Eucalyptus similis, commonly known as inland yellowjacket or Queensland yellow jacket, is a species of flowering plant in the family Myrtaceae and is endemic to Queensland, Australia. It is a tree with rough bark, lance-shaped to broadly lance-shaped or sickle-shaped adult leaves, flower buds in groups of seven, white or cream-coloured flowers and cylindrical to cup-shaped or barrel-shaped fruit.

==Description==
Eucalyptus similis is a tree that typically grows to a height of 8 to 14 m and has rough, yellow to yellow-brown or red-brown bark over most of the trunk and branches. Leaves on young plants and on coppice regrowth are sometimes arranged in opposite pairs, egg-shaped, 60–130 mm long and 30–70 mm wide. Adult leaves are lance-shaped to broadly lance-shaped or sickle-shaped, 85–180 mm long, 10–35 mm wide and tapering to the petiole with the lower surface a lighter shade of green. The flowers are borne in umbels of seven in leaf axils on a peduncle 14–20 mm long, each bud on a pedicel 1–8 mm long. Mature buds are cylindrical to pear-shaped or spindle-shaped, 8–12 mm long and 4–5 mm wide with a conical to rounded operculum.

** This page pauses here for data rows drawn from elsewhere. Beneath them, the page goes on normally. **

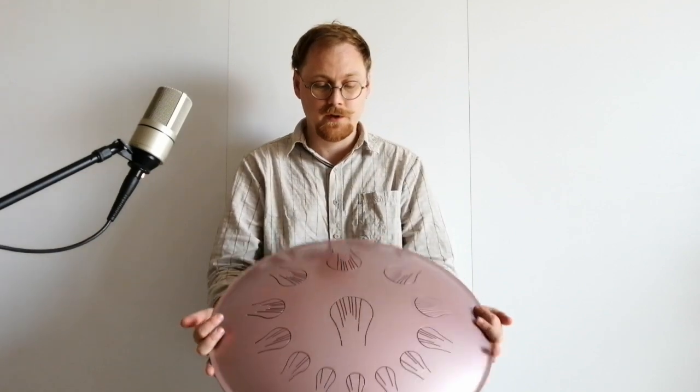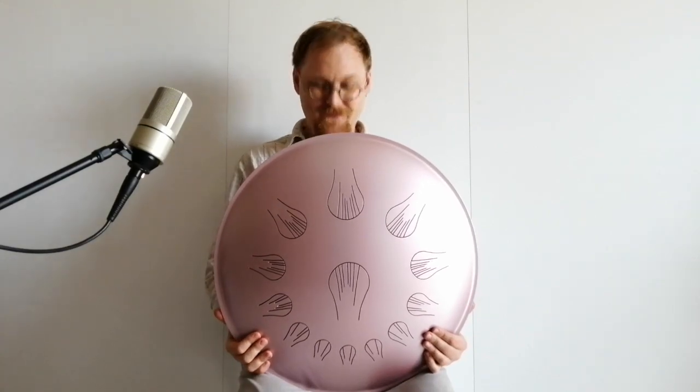Very beautiful instrument. If you want an instrument like this, please message me. Thank you very much, bye.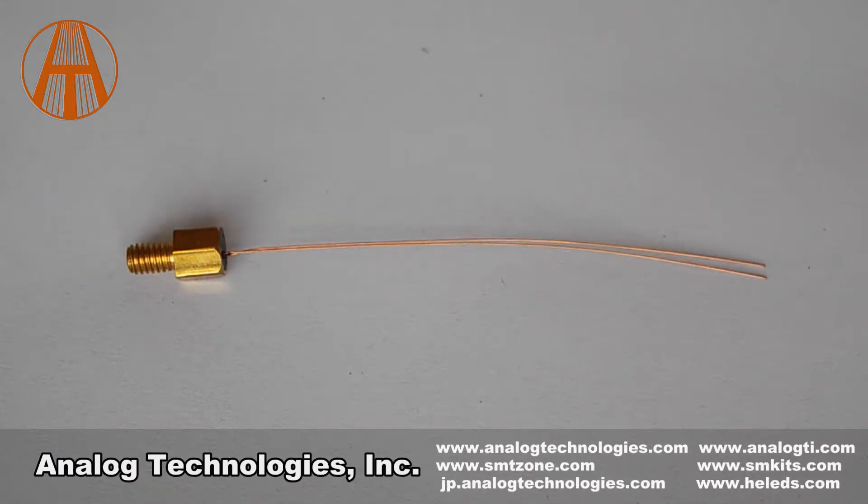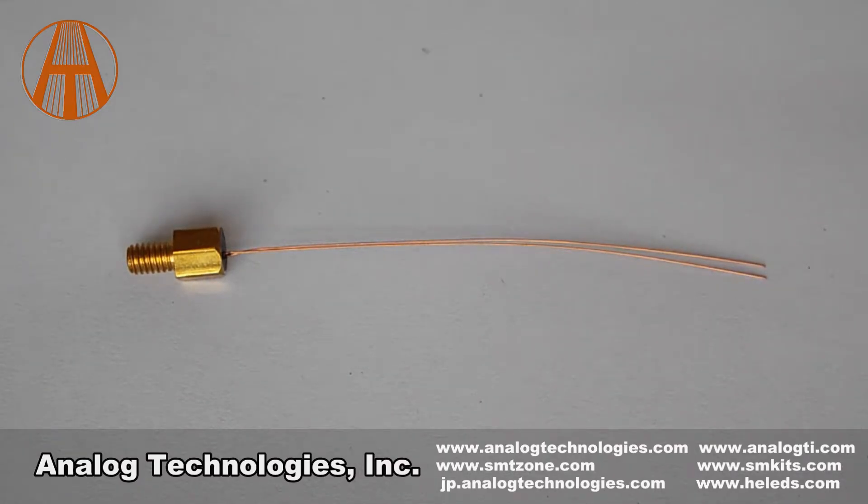ATH-10K-HM6 has bare leads coated with copper. The ATH-10K-HM6 thermistor assembly presents long-term stability, high reliability, wide temperature range, compact size, and short response time.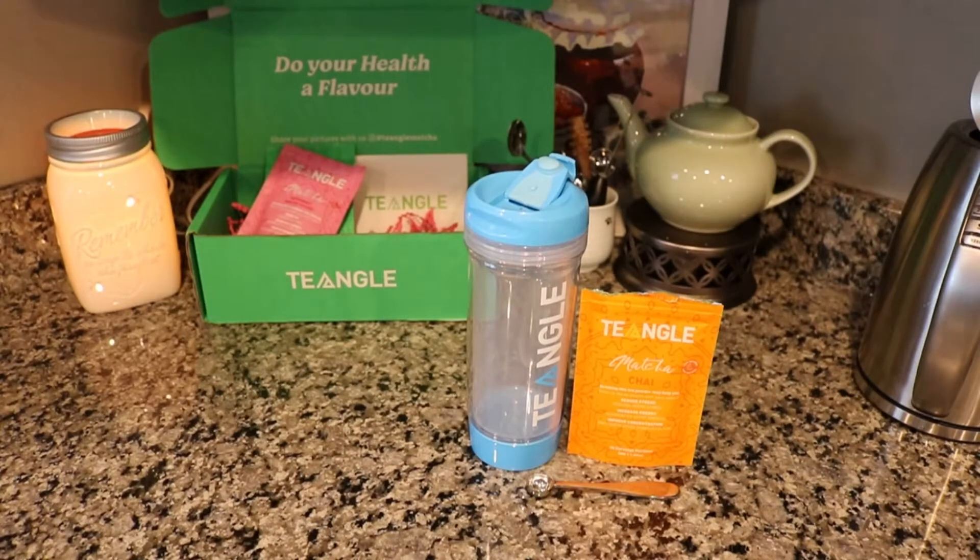Hello, this is As A Tea Brews and I'm Stacey. I recently filmed an unboxing and review of some tea and gold matchas and I had some requests to try this as a matcha latte. So I wanted to go ahead and do that today, and I think the one out of all of them that will be best as a latte is the chai matcha.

Flowering has been observed in December and the flowers are white or cream-coloured, and the fruit is a cylindrical to cup-shaped or barrel-shaped capsule, 8–15 mm long and 6–13 mm wide.

Eucalyptus similis is very similar in appearance to Corymbia leichhardtii.

==Taxonomy and naming==
Eucalyptus similis was first formally described by the botanist Joseph Maiden in 1913 in the Journal and Proceedings of the Royal Society of New South Wales from samples collected by G.H. Carr from Emerald in 1908. The specific epithet (similis) is a Latin word, referring to the similarity, in Maiden's view, to E. baileyana.
E. similis is in the Eucalyptus subgenus Eudesmia and is the only non-bloodwood species likely to be confused with the yellow bloodwoods. It has very similar bark but differs fundamentally in having buds in simple axillary umbels of 7, and lacks the outer operculum, instead having four calyx teeth, and also has a single petaline operculum.

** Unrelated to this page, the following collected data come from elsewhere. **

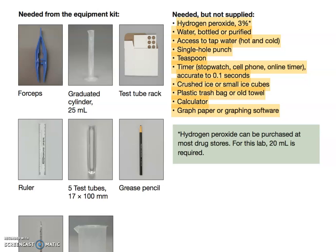If you don't have a single hole punch, that's okay — you can use scissors to cut six or seven millimeter squares of filter paper instead. You'll need a teaspoon and a timer that is accurate to a tenth of a second; your cell phone works. Crush some small ice cubes and have a plastic trash bag or old towel handy in case hydrogen peroxide spills. You'll need a calculator for analysis and will be working in Excel using CSE guidelines for scatter plots and line graphs, as covered in our scientific writing lab.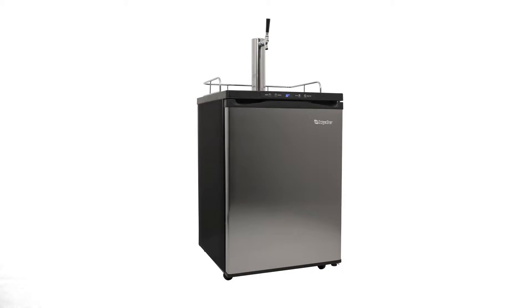Like fresh draft beer, you'll love the Edgestar full-size kegerator with digital display. With a spacious cabinet, precise temperature controls, sleek stainless steel door, and quality dispensing components, you'll be serving up cold, fresh draft beer whenever you please.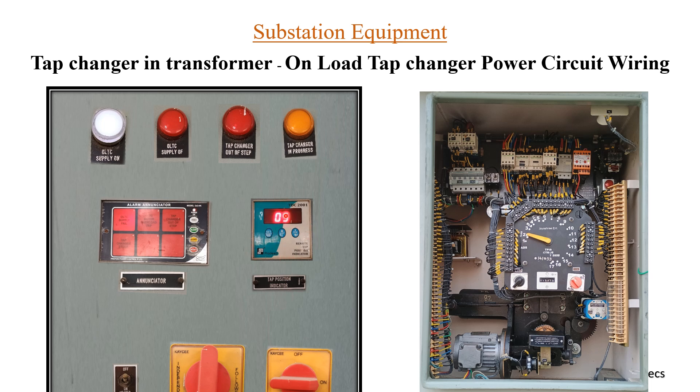Next is the tap position indicator — this is very important as it indicates the current tap position of the transformer in the yard. You can also see two buttons for up and down to increase or decrease the tap position. Using these two buttons you can change the tapping in the transformer.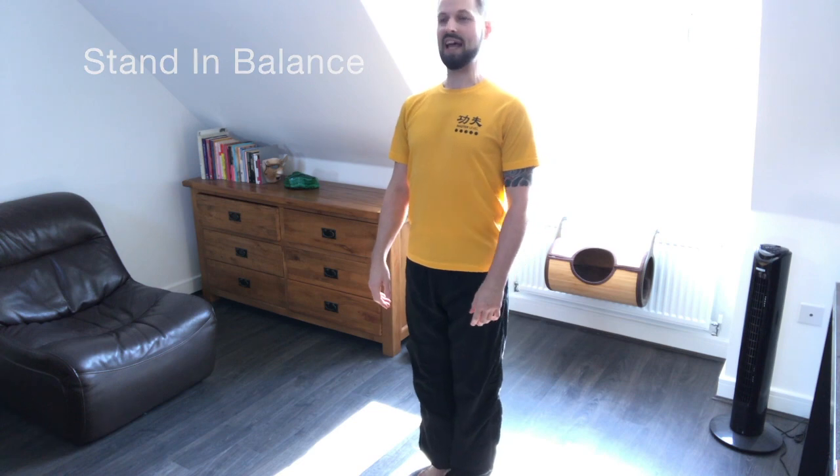Standing in balance, nice and relaxed. Double Sao Chong, point stance, V stance, iris. Hips forward, shoulders down, and head up.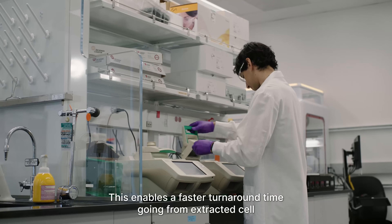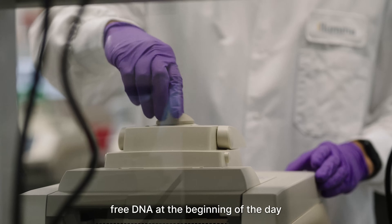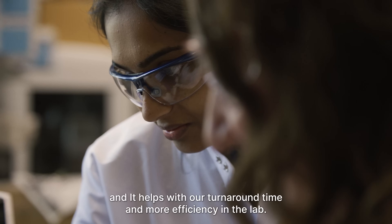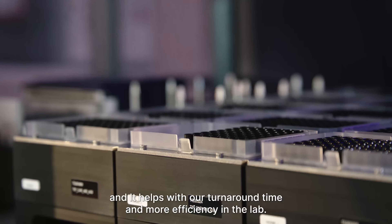This enables a faster turnaround time, going from extracted cell-free DNA at the beginning of the day to a library that's ready to pool and sequence by the end of the workday. The workflow is simpler, shorter, and it helps with our turnaround time and more efficiency in the lab.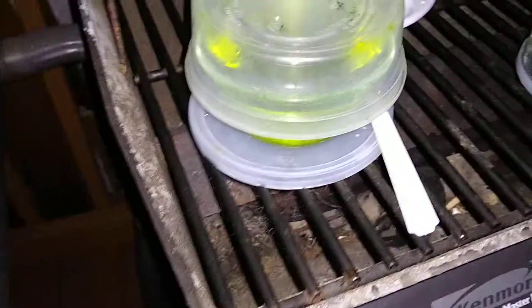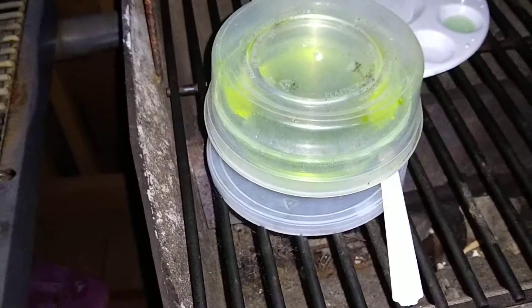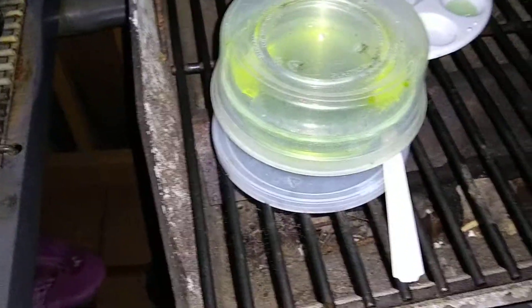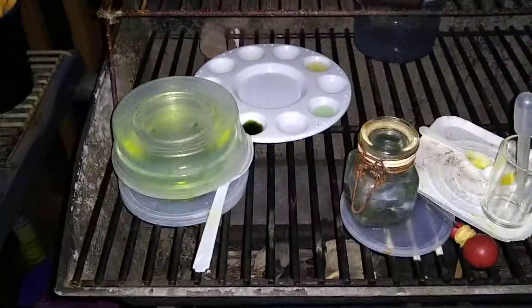I'm trying a couple of new ideas with cyanates and cyanuric acid to see if I can selectively dissolve gold. We'll see how that goes. Thanks for watching.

==Distribution and habitat==
Found in woodland communities, Eucalyptus similis grows on gentle slopes and flats in deep clay, loamy or sandy soils, in a narrow north-south band from near Forsayth to the Barcaldine-Jericho region in Central Queensland with two disjunct populations near Laura and east of Strathburn Station on Cape York in North Queensland.

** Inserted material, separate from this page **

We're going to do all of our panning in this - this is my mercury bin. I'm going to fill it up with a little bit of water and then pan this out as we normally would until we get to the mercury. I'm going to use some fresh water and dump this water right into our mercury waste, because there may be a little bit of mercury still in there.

E. similis often occurs with Corymbia setosa, forming a sparse canopy. Associated species in the shrub layer, which is also usually sparse, includes Lithomyrtus microphylla, Carissa lanceolata, Gastrolobium grandiflorum and Jacksonia ramosissima. Triodia pungens usually dominants the very sparse to sparse ground layer.

==Conservation status==
Eucalyptus similis is listed as of "least concern" under the Queensland Government Nature Conservation Act 1992.